Short text fragments from websites
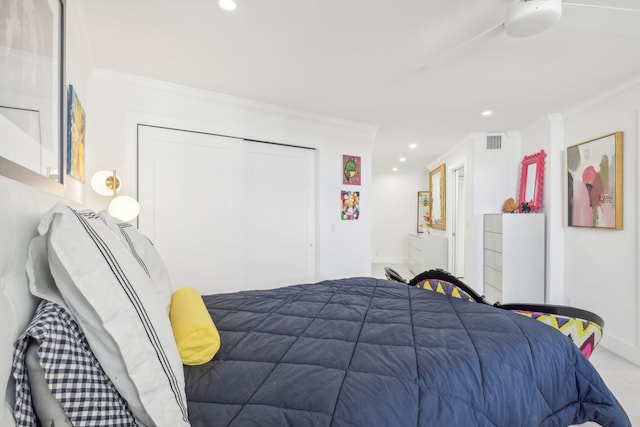 bedroom featuring a closet and ornamental molding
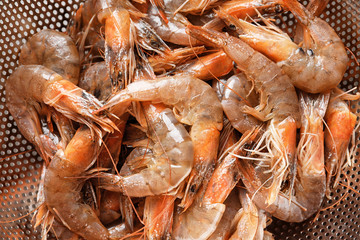 Colander with fresh shrimps, closeup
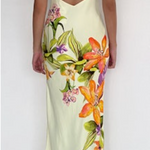 Woman wearing a floral slip dress with a white background
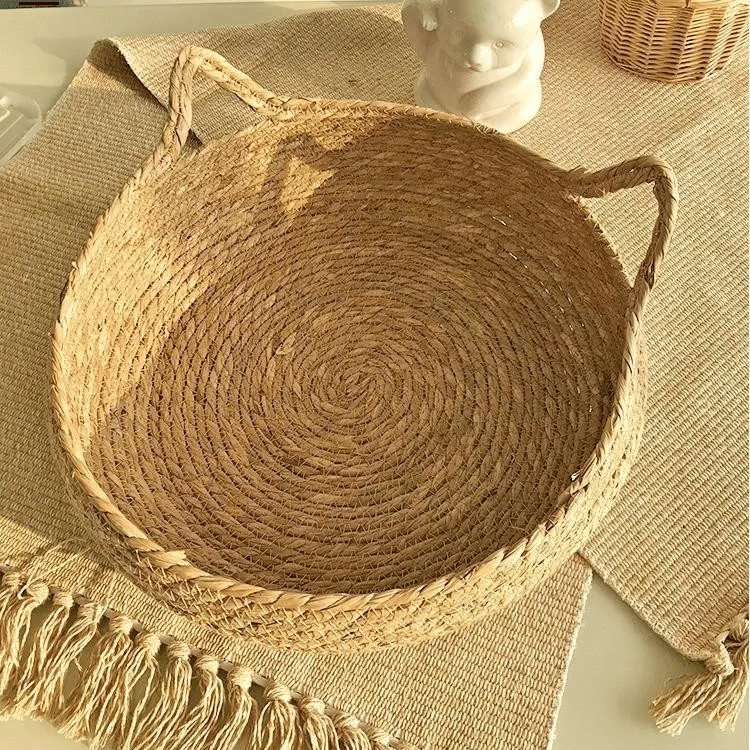 Cat curled up in a round woven cat bed with ears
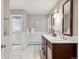 Spacious bathroom featuring a double vanity, marble floors, and white subway tile at 210 S High St, Denver, CO 80209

= TASK OBJECTIVE =
Type out the data above once more, exactly, with no images included.

= SOLVED PROBLEM =
 bedroom featuring a closet and ornamental molding
 Colander with fresh shrimps, closeup
 Woman wearing a floral slip dress with a white background
 Cat curled up in a round woven cat bed with ears
 Spacious bathroom featuring a double vanity, marble floors, and white subway tile at 210 S High St, Denver, CO 80209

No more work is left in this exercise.